Special Collections and the Lemon Project Welcome Descendants of Solomon Northup
In the summer of 2014, several descendants of Solomon Northup, whose story in slavery was depicted in the recent Oscar-winning movie, 12 Years A Slave, visited Swem Library to see the diary kept by Florence A. Barber, the daughter of Philip and Margaret Anne Stanton and granddaughter of Solomon Northup. At the end of the movie, it was Florence’s mother, Margaret Anne, who presents her first born, Solomon Northup Stanton, to her father.
Christopher, Rebecca, and Melissa are but three of the dozens of descendants of Solomon Northup living across the United States from New York to California.
Florence A. Barber was born in New York in 1863 and married Dr. Philip L. Barber in 1886. They settled in Norfolk, Virginia, and from 1911 to 1931, Florence worked in the Norfolk school system and served as the system’s first science teacher.
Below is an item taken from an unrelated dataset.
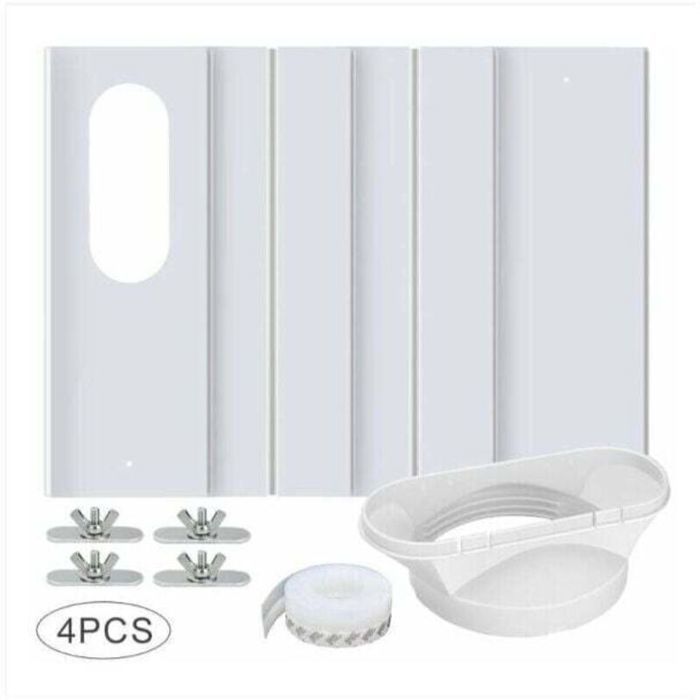 Kit de Fenêtre pour Climatiseur Portable avec Coupleur Universel Panneau en PVC Renforcé Réglable Joint de Fenêtre Kit dAération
She died in Norfolk in 1941 and was buried next to her husband in Calvary Cemetery. Her diary includes brief daily entries about the weather, chores, and social life, trips to town, church, and attending meetings. She recounts her visits to churches and schools in Georgia and Alabama, like Atlanta University and Spelman College, both historically black schools. She also mentions teaching music, attending educational meetings in Portsmouth and being elected president of the local YMCA.
The diary has been digitized and is available online here: https://digitalarchive.wm.edu/handle/10288/20489.
When Swem’s Special Collections purchased this diary on eBay in 2009, it was attributed to an unknown woman living in Portsmouth, Virginia. William & Mary student, Lauren Wallace, under the guidance of Special Collections staff and Lemon Project director and Visiting Assistant Professor, Jody Allen, embarked on a project to identify the author. Scrutinizing clues from the diary and using sources available online and through Swem Library’s databases, she was able to identify with certainty that Florence Barber was the diarist. For more information on this project, please see http://www.wm.edu/research/ideation/arts-and-humanities/the-hunt-for-the-mystery-diarist3187.php.
In celebration of African American history month, Swem Library is hosting a screening of 12 Years a Slave from 2-5pm and again from 6-9pm on Wednesday, February 18.Then on Thursday, February 19 from 5:30-7:30pm, Dr. Jack Trammell will be discussing his book, The Richmond Slave Trade: The Economic Backbone of the Old Dominion. Solomon Northup’s journey took him through Virginia when he was held briefly at the Goodwin-Templeton Slave Jail in Richmond before being sent to New Orleans. For Dr. Trammell's talk, Florence Barber's diary, a first edition of Twelve Years A Slave: Narrative of Solomon Northup, a Citizen of New-York, Kidnapped in Washington City in 1841, and Rescued in 1853, from a Cotton Plantation near the Red River in Louisiana, published in 1853, and several letters written by slaves, will be on display.
Both events are being held in Swem Library's Botetourt Theatre and are free and open to the public.